Lascaux (Caves)

Palaeolithic site / Visit of Carla Bruni-Sarkozy and her husband for the 70th anniversary of its discovery (12 September 2010)

Lascaux is wreathed in a great number of legends. It is claimed for example that the Resistance fighter André Malraux hid arms there in 1944. False. What is true, however, is that the cave was closed in the past a victim of its own success and that it was the very same André Malraux, then Minister of Cultural Affairs, who took the decision in April 1963, at a time when the Dordogne’s most famous monument was attracting over a thousand visitors a day and the paintings were suffering as a result of the sudden increase in carbon dioxide! Twenty years later, a replica, named Lascaux II, was built a few hundred metres away.

Situated in the village of Montrignac, forty kilometres from Périgueux, the Lascaux caves are the Dordogne’s most famous site, listed as a historic monument and inscribed as a UNESCO World Heritage Site. The 250 metres of underground gallery constitute the most remarkable painted caves of the Palaeolithic age.

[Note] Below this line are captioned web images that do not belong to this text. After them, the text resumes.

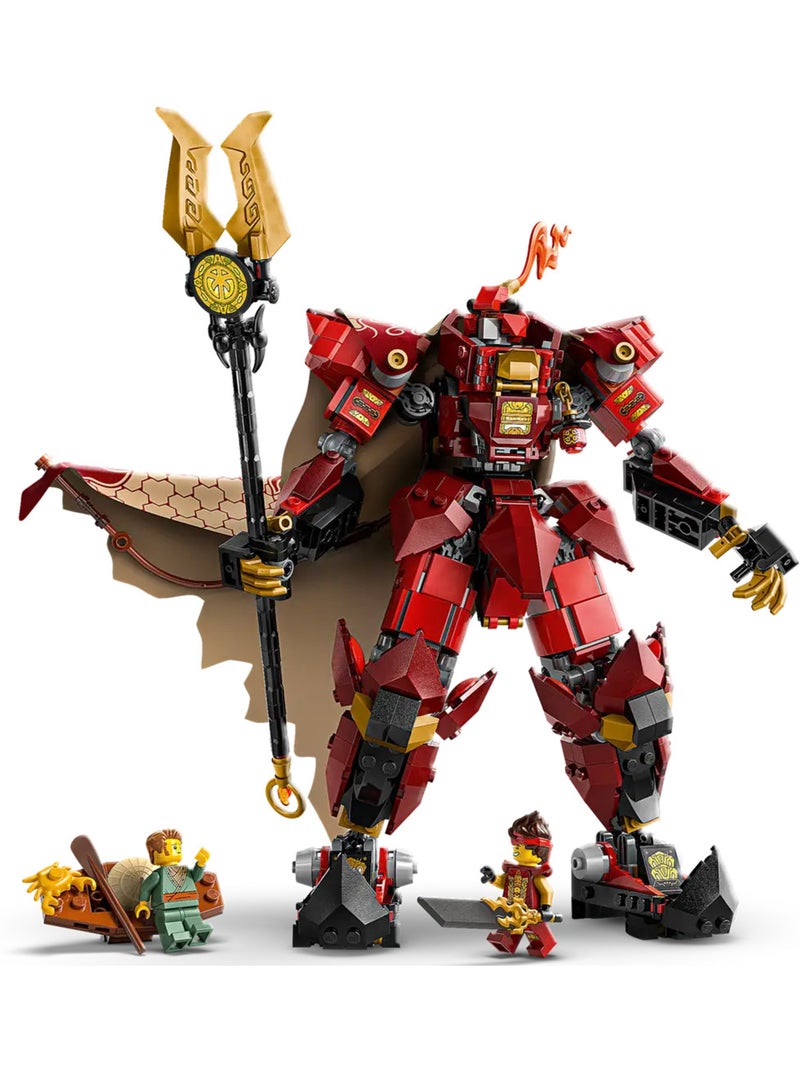LEGO NINJAGO 71846 - Le robot du chevalier de feu N/A - Kiabi
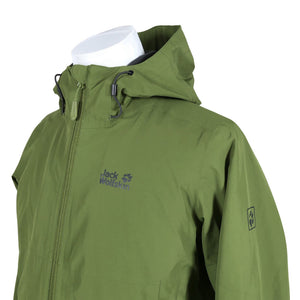 Unisex Jack Wolfskin - Talvejope, suurus S - Roheline (3)
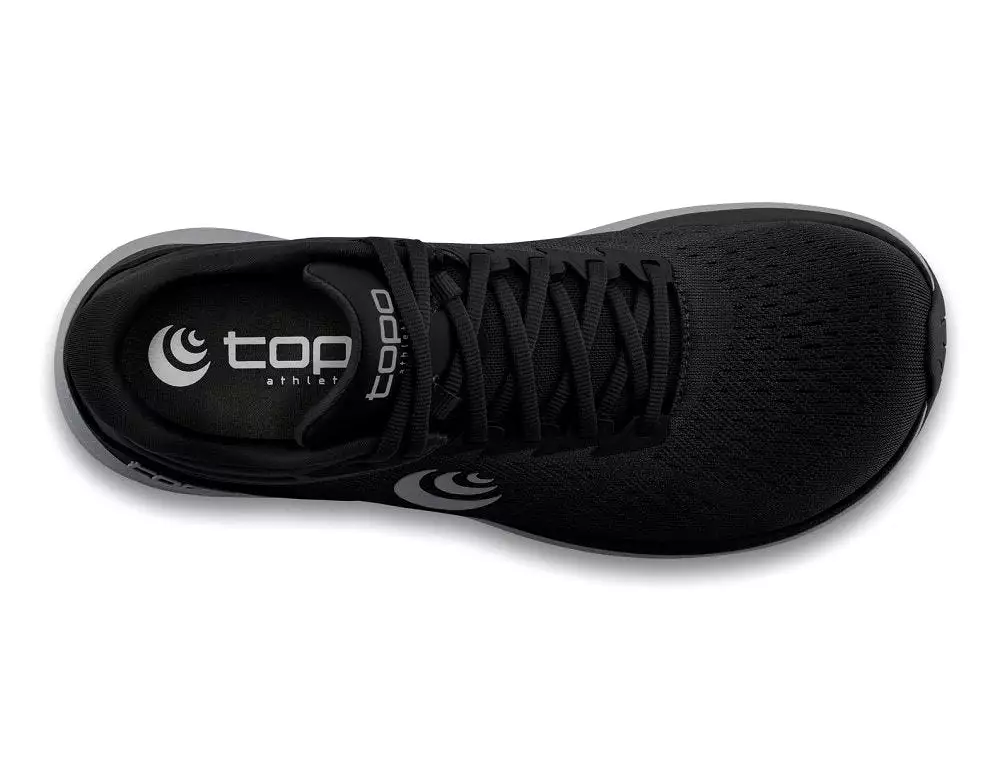 Topo Athletic Men's Phantom 3 - Black/Charcoal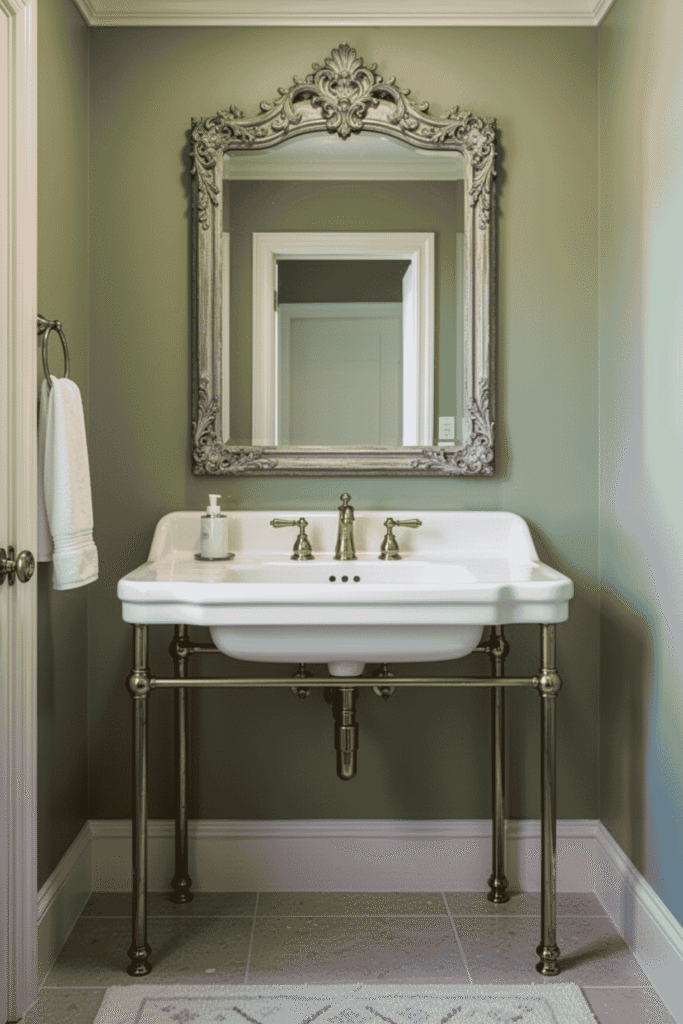 Vintage-Inspired Sink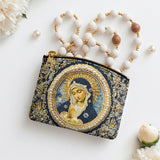 Catholight Ave Maria – The Blessed Grace Leather Rosary Pouch
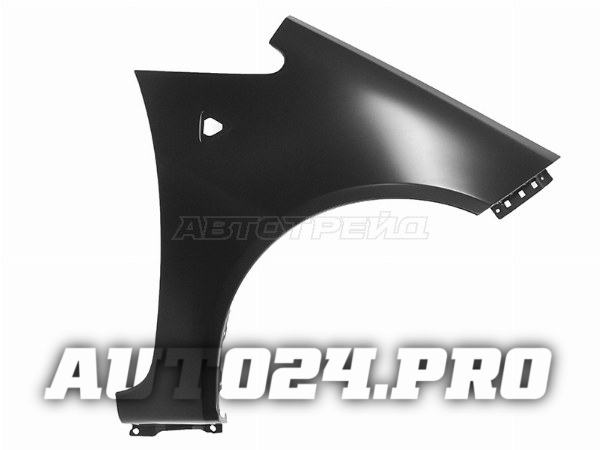 Крыло переднее MITSUBISHI COLT 02-08 RH с отв. под повторитель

Fr. Henri Breuil, the first prehistorian to visit Lascaux on 21 September 1940, nicknamed it ‘the Sistine chapel of wall paintings’. A few days earlier, on the 8th September, a 17 year-old youth named Marcel Ravidat, out walking his dog Robot, discovered a hole where a rabbit had taken refuge escaping the clutches of the otherwise unimpeachable dog. On 12th September, the young Marcel returned to explore the opening with a friend, Jacques Marsal, and two Parisians, Georges Agniel and Simon Coencas. Little did the boy know that he was about to make history! With its horses, aurochs, bison, stags and ibexes, bears, rhinoceros and big cats, this is truly a sacred place; prehistorians see Lascaux as a sanctuary and a religious monument. Marcel Ravidat continued to be moved by these animal engravings throughout his life, but did not live to celebrate the 70th anniversary of their discovery, passing away, aged 72, in 1995.

Whether we like it or not, Lascaux is still a living, breathing place, regularly affected by white marks, fungi and other bacteria all scrupulously examined and treated. On 21 January 2010, the caves were placed under the protection of Yves Coppens, President of the Science Commission charged with their conservation. For these are fragile little things and 18,000 years old. (Carbon-14 dating).